((

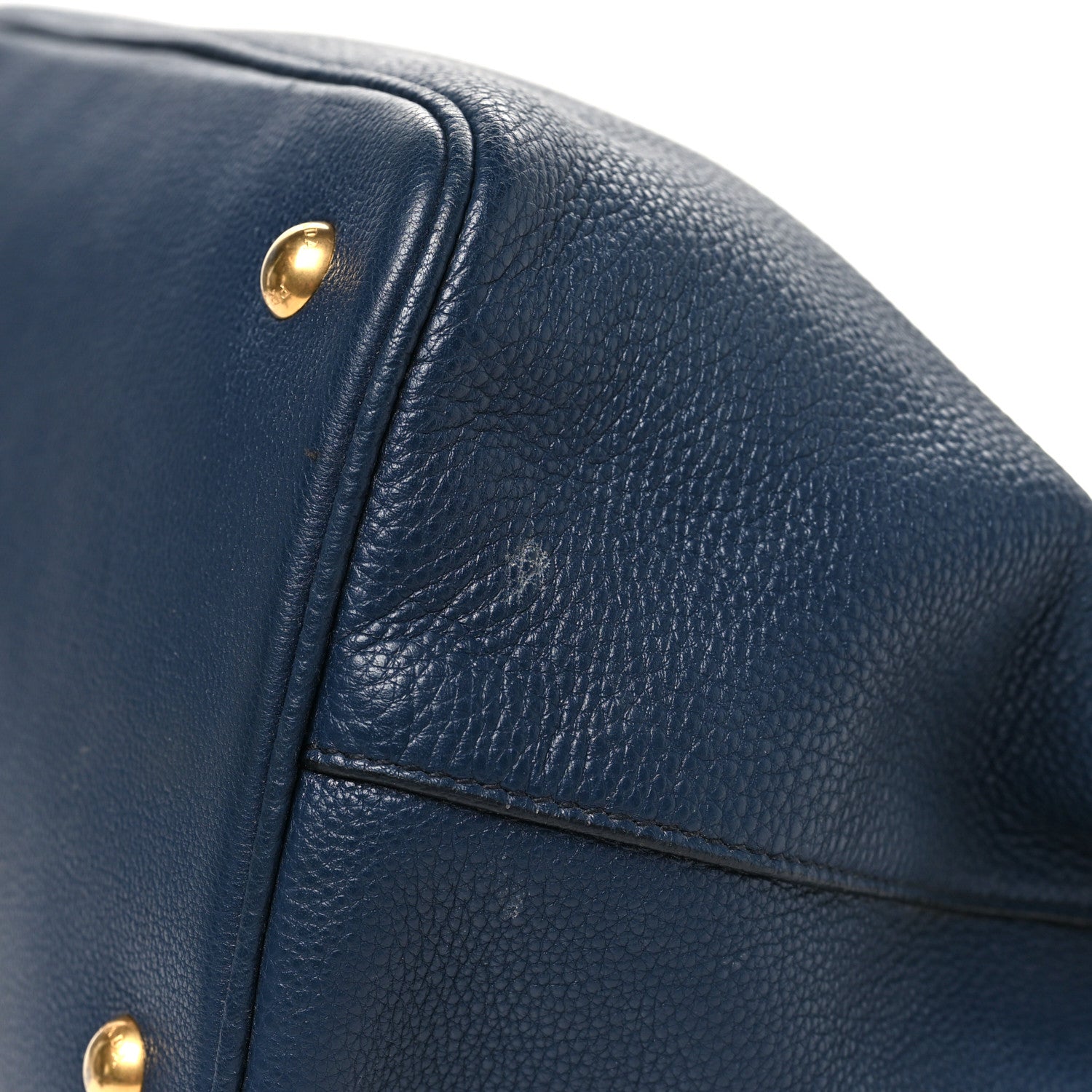 Vitello Phenix Shopping Tote Baltico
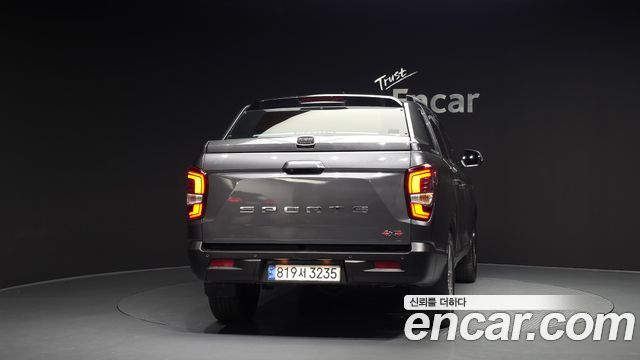 KG Mobility (SsangYong) Rexton Sports Diesel 2.2 4WD Prestige 2022 — фото 4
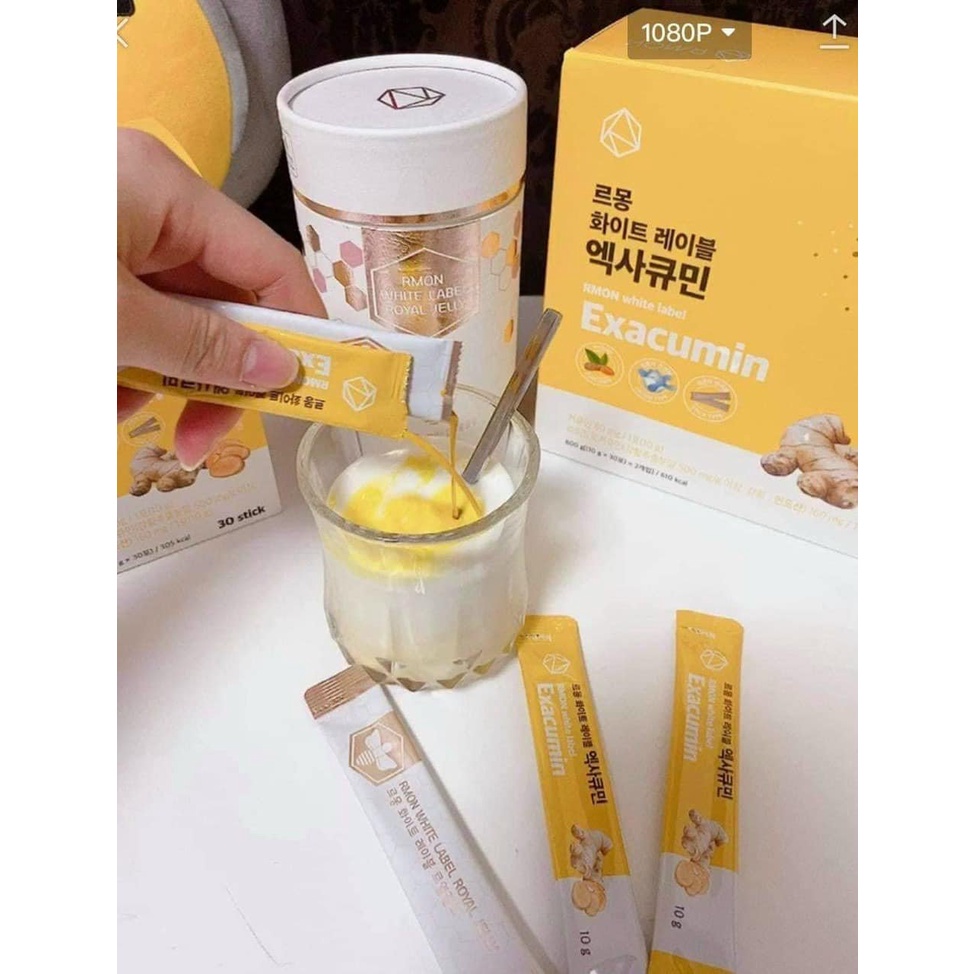 Tinh Chất Nghệ Nano Rmon Exacumin Hàn Quốc - Lẻ 1 gói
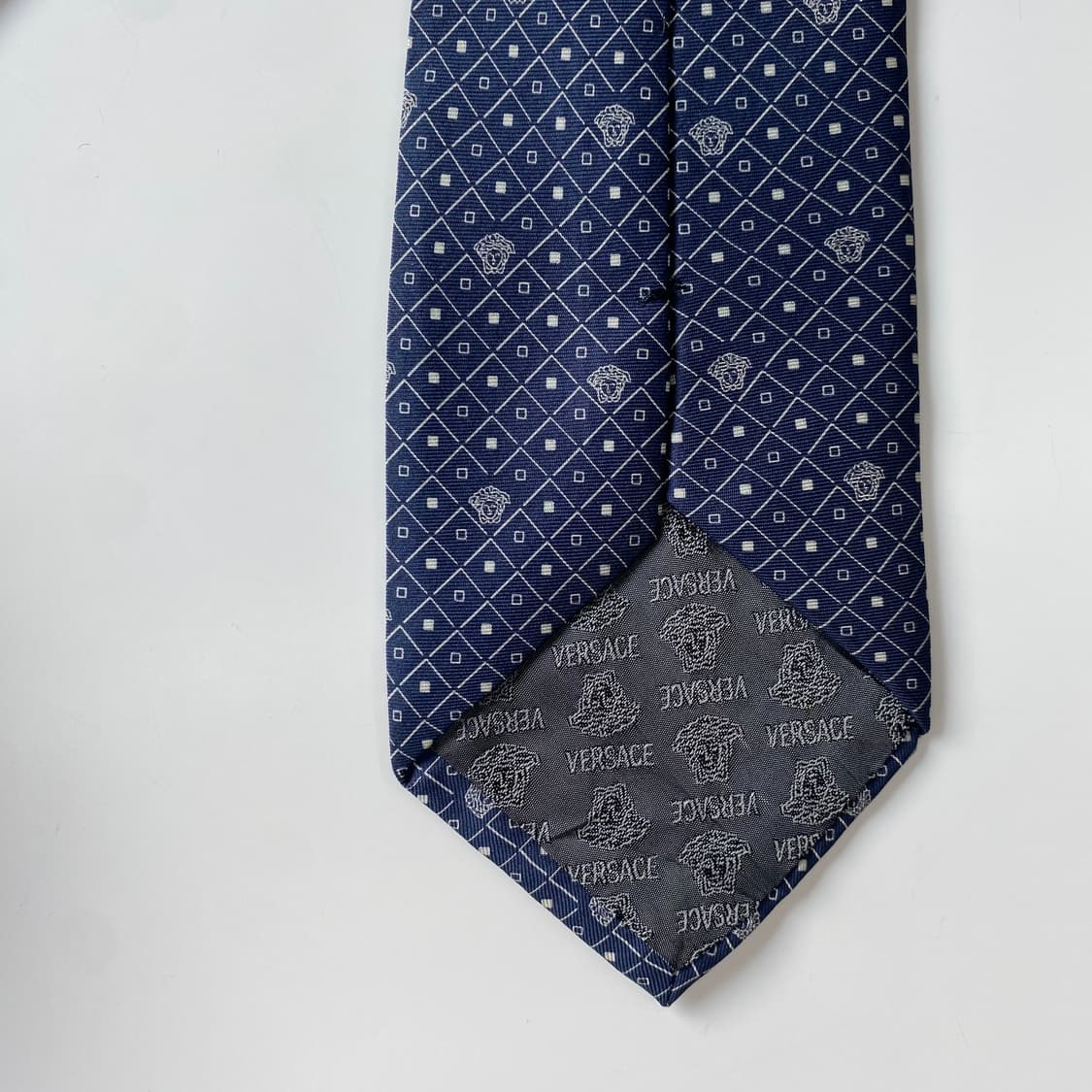 Gianni Versace 베르사체 모노그램 정품 명품넥타이 상품이미지6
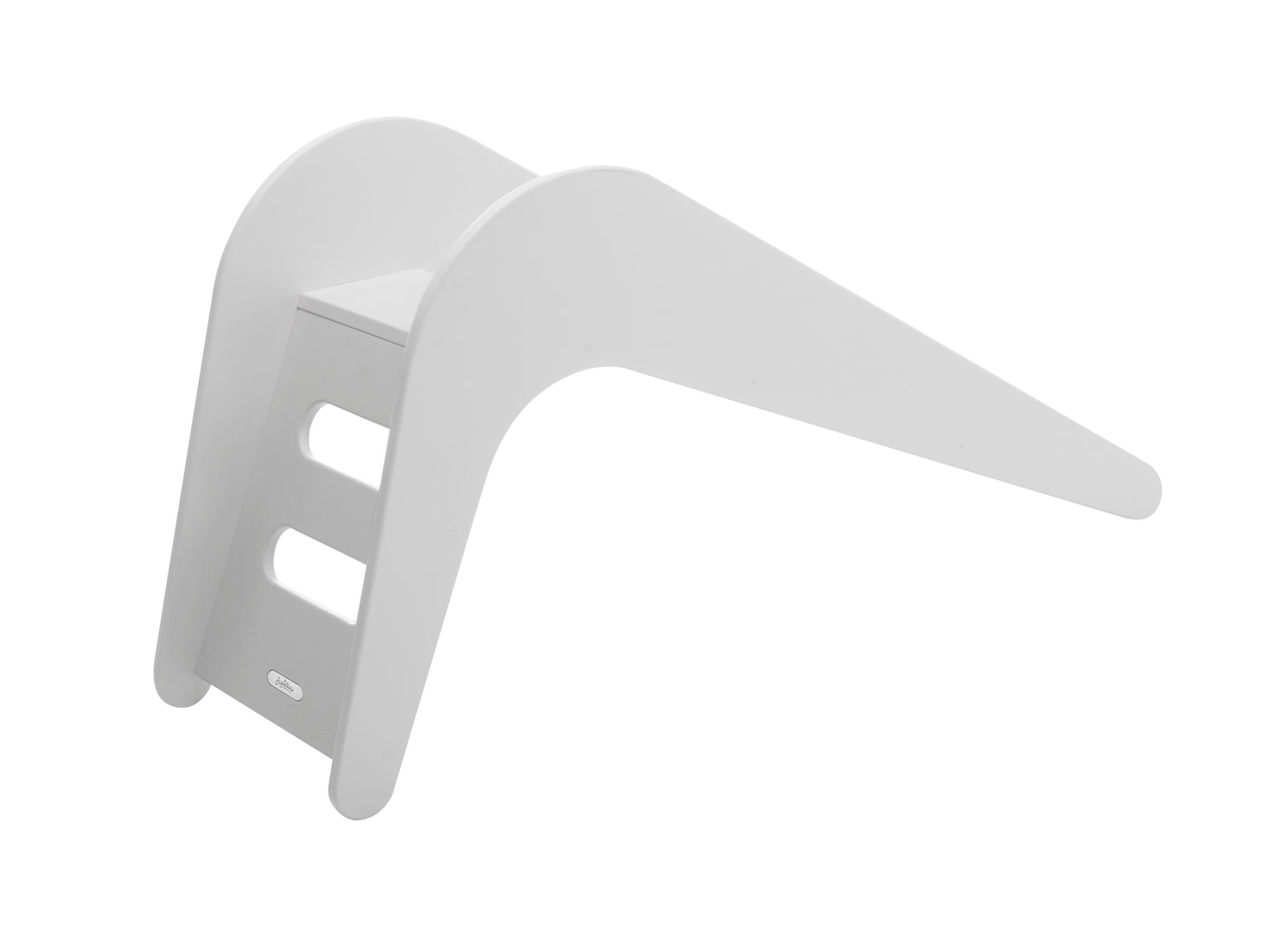 Jupiduu houten binnenglijbaan wit – glijbaan voor binnen van 145 cm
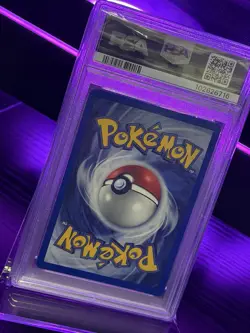 Blaine's Charizard 1st Edition 2/132 PSA 9 MINT 2000 Gym Challenge Pokemon - Image 2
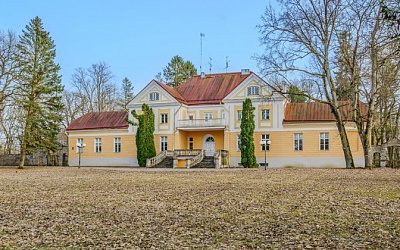 «Попытка — не пытка»: Банк Эстонии снова попытается продать историческую усадьбу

))

Exercise requirements → Drop the pictures, then reproduce exactly the lines from the one with "Gianni Versace 베르사체 모노그램 정품 명품넥타이 상품이미지6" through the final line of the listing.

Answer section →
 Gianni Versace 베르사체 모노그램 정품 명품넥타이 상품이미지6
 Jupiduu houten binnenglijbaan wit – glijbaan voor binnen van 145 cm
 Blaine's Charizard 1st Edition 2/132 PSA 9 MINT 2000 Gym Challenge Pokemon - Image 2
 «Попытка — не пытка»: Банк Эстонии снова попытается продать историческую усадьбу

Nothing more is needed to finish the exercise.